[[ Data records open ]]

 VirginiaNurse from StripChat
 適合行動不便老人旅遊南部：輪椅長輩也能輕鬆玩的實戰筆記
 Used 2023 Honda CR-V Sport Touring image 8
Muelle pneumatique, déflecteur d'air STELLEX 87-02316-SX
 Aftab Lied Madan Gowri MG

[[ Data records closed ]]
[[ Data records open ]]

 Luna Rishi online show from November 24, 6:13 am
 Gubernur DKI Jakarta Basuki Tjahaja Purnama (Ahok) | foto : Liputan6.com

[[ Data records closed ]]

In the data above, retype exactly and only the lines between the one holding "適合行動不便老人旅遊南部：輪椅長輩也能輕鬆玩的實戰筆記" and the one holding "Aftab Lied Madan Gowri MG", inclusive.

**Exercise response**
 適合行動不便老人旅遊南部：輪椅長輩也能輕鬆玩的實戰筆記
 Used 2023 Honda CR-V Sport Touring image 8
Muelle pneumatique, déflecteur d'air STELLEX 87-02316-SX
 Aftab Lied Madan Gowri MG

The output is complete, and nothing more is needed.